29. März 2024

Bis es quietscht

Das abgenutzte Deutschland, so schluchzt es aus den Talkshows, brauche einen neuen Aufbruch, das ermüdete Personal müsse durch eine neue Politikergeneration abgelöst werden. Wo leben diese Nörgler? Deutschland befindet sich in der besten Verfassung seit Jahrzehnten, die Leute haben Arbeit und Einkommen, es lässt sich hier so gut leben wie nirgendwo, weshalb auch die halbe Welt zu uns ziehen möchte, die vorhandenen Politiker haben gut regiert. Aber es gilt: Wenn dem Esel zu wohl ist, geht er aufs Eis tanzen.

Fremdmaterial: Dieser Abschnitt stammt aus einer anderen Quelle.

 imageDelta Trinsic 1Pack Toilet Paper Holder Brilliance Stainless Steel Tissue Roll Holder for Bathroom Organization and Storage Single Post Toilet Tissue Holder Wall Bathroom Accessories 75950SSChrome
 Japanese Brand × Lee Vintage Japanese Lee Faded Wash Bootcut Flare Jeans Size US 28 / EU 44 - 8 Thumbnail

So auch der Oberton beim SPD-Parteitag: Deutschland als Jammertal, voller sozialer Ungerechtigkeiten, deren Behebung man nun der CDU/CSU abtrotzen müsse, nachverhandeln „bis es quietscht“. Diese Jammerliste ausgerechnet von Andrea Nahles vorgeführt zu bekommen, entbehrt nicht einer gewissen Chuzpe – sie war schließlich in den vergangenen vier Jahren Bundesministerin für Arbeit und Soziales der Großen Koalition, die ohnehin die politische Handschrift der Sozialdemokraten trug. Statt darauf stolz zu sein, üben sich die Sozialdemokraten in Selbstgeißelung. Sie werden nicht durch die CDU-Kanzlerin minimiert, sondern durch sich selbst.

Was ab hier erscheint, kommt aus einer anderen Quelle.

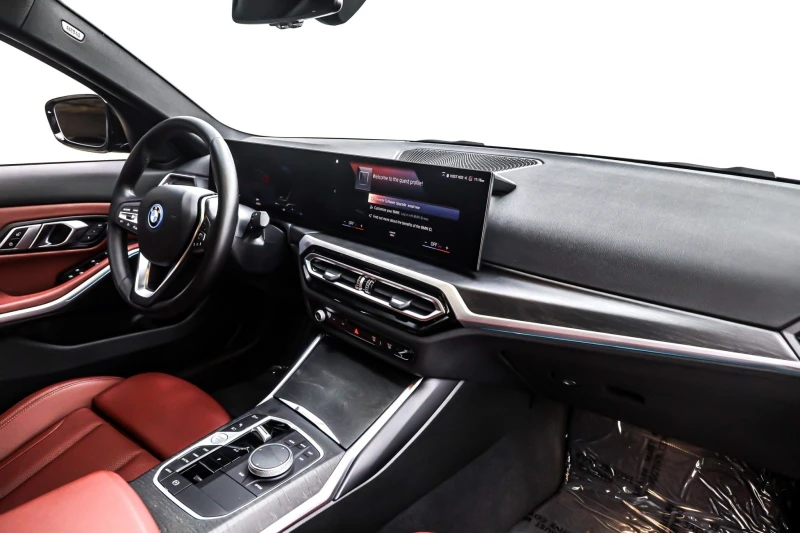 BMW 330 E HYBRID * * CARFAX * * АВТО КРЕДИТ * * , снимка 9 - Автомобили и джипове - 52795600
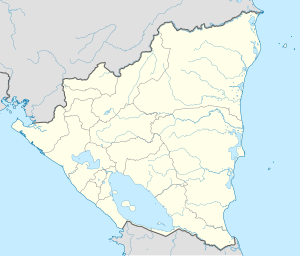 Jinotepe trên bản đồ Nicaragua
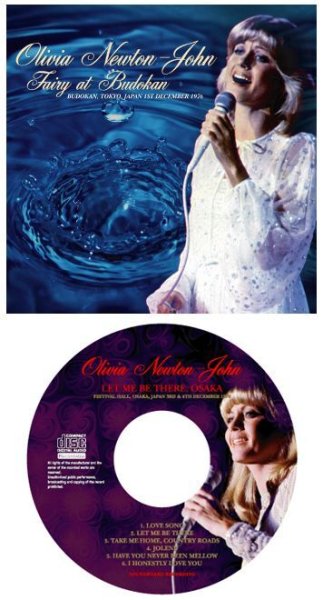 画像1: OLIVIA NEWTON-JOHN - FAIRY AT BUDOKAN 1976(1CDR + Ltd Bonus Picture CDR) (1)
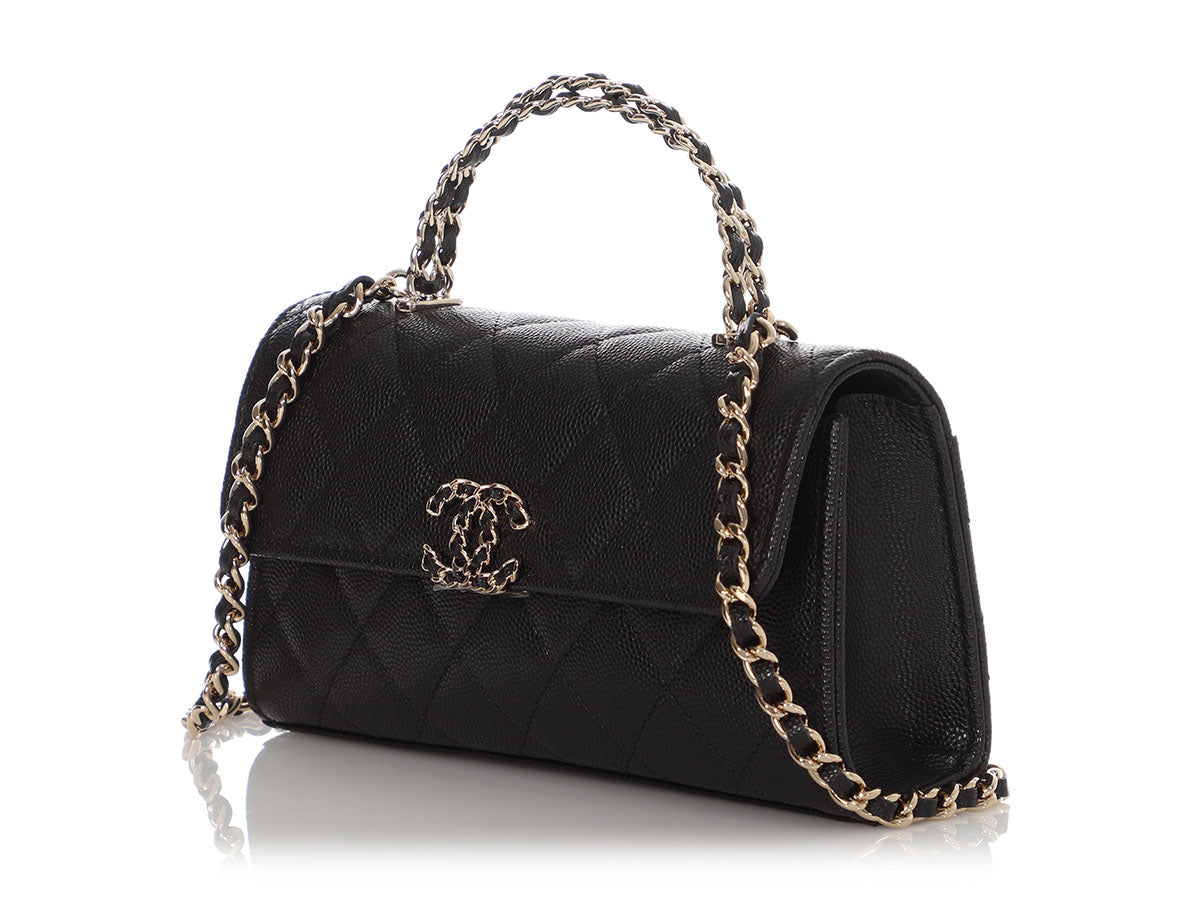 Chanel Black Quilted Fabric Deauville Fringed Tote - Ann's Fabulous  Closeouts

Die SPD möchte, beispielsweise, die Ärztehonorare für die Behandlung von Privatpatienten denen für gesetzlich Versicherte angleichen, um den Anreiz zu bevorzugter Terminvergabe für Privatpatienten zu zerstören. Zerstört wird damit etwas ganz anderes: Viele Arztpraxen (gerade auf dem ohnehin schon unterversorgten Land) rechnen sich nur dadurch, dass die höheren Privathonorare die gesetzlichen Fallpauschalen gewissermaßen subventionieren. Auch will die SPD die sachgrundlose Befristung von Arbeitsverträgen abschaffen. Sie unternimmt damit einen Anschlag auf kleine und mittlere Unternehmen, die nicht wissen, wie ihr wirtschaftlichen Morgen aussieht und daher bei den Personalkosten vorsichtig agieren. Zudem möchte die SPD die Bildungskompetenz auf den Bund übertragen: Wenn das bedeutet, dass die Schulqualität sozialdemokratischer Bundesländer Allgemeinstandard werden soll, dann hat die deutsche Bildungskatastrophe ihre Zukunft noch vor sich, die gegenwärtig vom vergleichenden „Benchmarking“ (im Blick auf Bayern oder Baden-Württemberg) noch einigen Leistungsansporn erhält.

Das alles kann für die Union nicht in Frage kommen. Wenn aber der SPD das Sondierungspapier nichts mehr gilt, dann hat auch die Unions-Klientel Wünsche: Abschaffung des Soli nicht nur für kleine und mittlere Einkommen, sondern für alle; zusätzliche steuerliche Entlastung für alle forschenden Unternehmen, um Zukunftstechnologien im Lande zu halten – auch die grüne und Human-Gentechnologie sowie die forschenden Pharmaunternehmen; eine radikal durchgreifende Digitalisierungsoffensive in der Infrastruktur und in den Schulen, um den Zukunftsanschluss in allen Teilen des Landes zu ermöglichen; einen marktwirtschaftlichen Umbau der Energiepolitik; und eine Flüchtlings-Integrationspolitik, die erstens viel mehr fordert, wenn sie schon so stark fördert und die zweitens den zusätzlichen Familiennachzug geringer ausfallen lässt als vorgesehen.

Man darf gespannt sein, ob der Erfolg der Union wiederum nur in der Feststellung besteht, man habe Schlimmeres verhindern können.